Please write out every line of the material, leaving out any picture.

*DATA SECTION*
━━━━━━

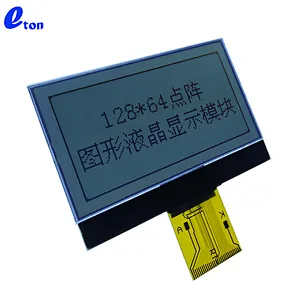 COG+FPC connector FSTN 12864 lcd module, graphic lcd module 12864
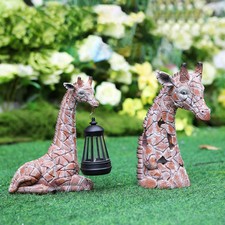 Giraffe Statue for Garden Outdoor Decor Animal Figurine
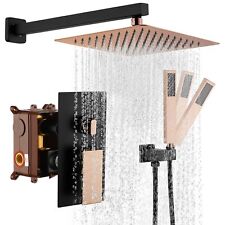 MONDAWE Wall Mounted Rain Shower System 10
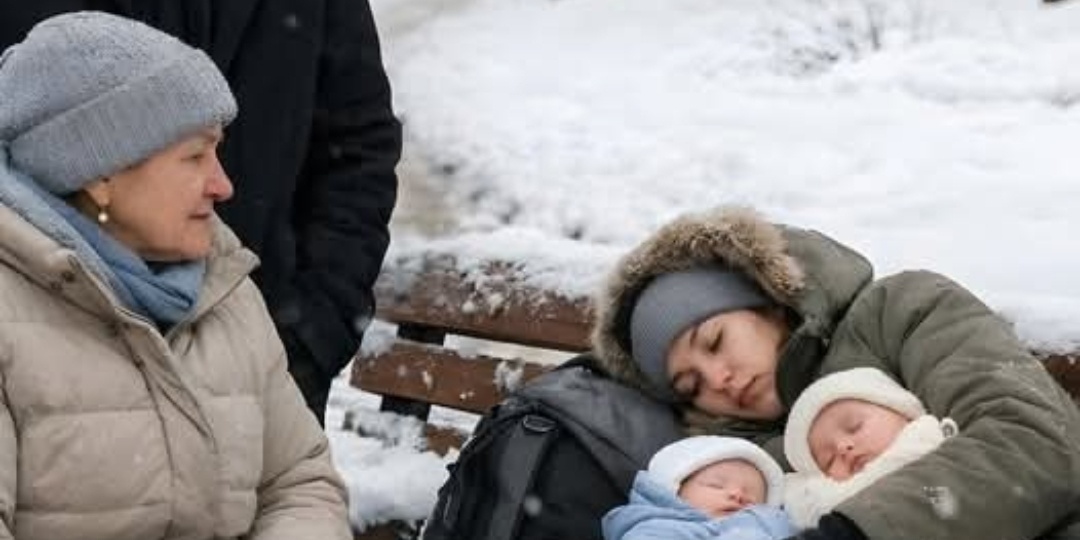 Миллионер вышел прогуляться с мамой в парк — и буквально остолбенел, увидев на скамейке свою бывшую жену, спящую рядом с двумя младенцами…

━━━━━━

*TASK SOLUTION*
 COG+FPC connector FSTN 12864 lcd module, graphic lcd module 12864
 Giraffe Statue for Garden Outdoor Decor Animal Figurine
 MONDAWE Wall Mounted Rain Shower System 10
 Миллионер вышел прогуляться с мамой в парк — и буквально остолбенел, увидев на скамейке свою бывшую жену, спящую рядом с двумя младенцами…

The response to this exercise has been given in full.